Before deep-diving into the concept of value investing let us first discuss the types of investments
“Price is what you pay. Value is what you get.”
– Warren Buffett
Investing is a very dicey process especially in today’s world where lots of information keeps flowing around; be it online, on television, newspapers, or any other media source. The primary objective of investing is capital creation by increasing income-generating assets.
Stock market comes to our mind when we think about investing in risky assets. The stock market has fascinated everyone, but not everyone has been able to make money out of it.
Investors in the Stock Market can be done two types: Trading or Investing
Time and again it has always proved that it is the investors who make money and not the traders in the long-term. The logic is simple, to be successful in trading your decisions are bound to be a correct day in and day out or more frequently which is highly unlikely as the market is not structured in such a manner. The odds are stacked in favour of the market and not in favour of the trader. Investing on other hand has a greater chance of giving good returns as the number of decisions to be taken are less, and investor has to identify superior quality stocks and stay invested in them for a long term to generate great returns, with the magic of compounding coming into play.
What is Value Investing?
Investopedia defines value investing as “The strategy of selecting stocks that trade for less than their intrinsic values”.
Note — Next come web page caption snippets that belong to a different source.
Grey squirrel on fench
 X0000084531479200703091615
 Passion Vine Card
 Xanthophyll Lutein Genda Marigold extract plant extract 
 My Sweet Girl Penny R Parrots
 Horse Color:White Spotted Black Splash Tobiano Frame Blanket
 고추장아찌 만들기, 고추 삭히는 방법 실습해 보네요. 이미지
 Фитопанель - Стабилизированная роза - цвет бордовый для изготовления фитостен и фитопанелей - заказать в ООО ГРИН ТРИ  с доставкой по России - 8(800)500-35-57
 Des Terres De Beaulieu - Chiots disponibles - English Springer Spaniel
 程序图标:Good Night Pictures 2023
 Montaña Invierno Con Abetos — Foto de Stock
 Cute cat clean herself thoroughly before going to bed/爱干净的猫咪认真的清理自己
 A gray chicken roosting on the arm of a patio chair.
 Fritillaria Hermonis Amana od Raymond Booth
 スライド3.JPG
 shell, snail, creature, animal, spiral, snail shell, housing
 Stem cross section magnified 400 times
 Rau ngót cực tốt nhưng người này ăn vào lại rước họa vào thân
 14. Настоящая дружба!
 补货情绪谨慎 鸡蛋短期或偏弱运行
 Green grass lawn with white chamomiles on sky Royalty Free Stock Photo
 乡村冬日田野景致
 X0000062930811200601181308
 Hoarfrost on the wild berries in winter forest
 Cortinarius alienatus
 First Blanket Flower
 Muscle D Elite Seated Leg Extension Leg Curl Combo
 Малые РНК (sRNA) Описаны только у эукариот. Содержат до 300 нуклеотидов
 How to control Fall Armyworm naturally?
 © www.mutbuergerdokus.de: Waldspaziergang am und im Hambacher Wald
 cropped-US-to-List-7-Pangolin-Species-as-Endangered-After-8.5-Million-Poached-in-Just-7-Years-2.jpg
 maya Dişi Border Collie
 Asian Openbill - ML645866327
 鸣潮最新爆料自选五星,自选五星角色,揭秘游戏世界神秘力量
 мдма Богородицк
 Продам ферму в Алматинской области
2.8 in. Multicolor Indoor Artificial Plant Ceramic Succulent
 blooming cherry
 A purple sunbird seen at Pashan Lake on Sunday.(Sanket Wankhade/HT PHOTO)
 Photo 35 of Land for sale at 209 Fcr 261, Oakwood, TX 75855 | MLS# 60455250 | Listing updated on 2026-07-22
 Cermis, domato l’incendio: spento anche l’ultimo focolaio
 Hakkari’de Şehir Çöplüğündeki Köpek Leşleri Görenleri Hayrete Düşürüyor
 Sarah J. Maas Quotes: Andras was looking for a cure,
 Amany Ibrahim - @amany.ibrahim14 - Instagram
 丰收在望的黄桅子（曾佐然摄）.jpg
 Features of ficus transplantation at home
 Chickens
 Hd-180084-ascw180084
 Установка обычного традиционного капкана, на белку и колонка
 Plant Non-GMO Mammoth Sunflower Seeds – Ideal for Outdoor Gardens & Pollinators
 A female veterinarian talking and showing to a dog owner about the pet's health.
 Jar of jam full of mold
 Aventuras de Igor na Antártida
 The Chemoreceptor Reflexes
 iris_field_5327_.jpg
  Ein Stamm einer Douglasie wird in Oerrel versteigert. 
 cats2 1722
Value investing can be explained in simple terms as paying less than the fair value of a stock to earn good returns when the stocks get back to its normal or fair value. This concept was introduced by The Father of Value Investing – Benjamin Graham. It involves finding those stocks or companies that are believed to be undervalued or are available at a discounted rate, on the basis of the various financial parameter.
This style of investing is closely related to the concept of margin of safety. It can be defined as the difference between the intrinsic value of a stock and its market price. or in simple words the difference between the discounted rate and the actual market value or fair value. It protects the investor from errors involved in the judgment of fair value, it also provides good-return opportunity and minimises the risk Value investing can provide good profits once the market inevitably re-evaluates the stock and raises its price to fair value over the long term.
There are various financial ratios and factors by which and investors can decide the value of the stocks they are:
- Return on Equity (ROE)
- Return on Assets (ROA0
- Operating Profit Margin (OPM)
- Debt to Equity Ratio (D/E)
- Promotors holdings etc.
Some other characteristics that the investors should also look out for are the history of the company, promoters history, its market share, business model etc.
Why Value Investing?
There have been numerous examples of investors like Warren Buffett, who have made immense wealth by adopting this style of investing, one can create a huge wealth in the long term by adopting this technique.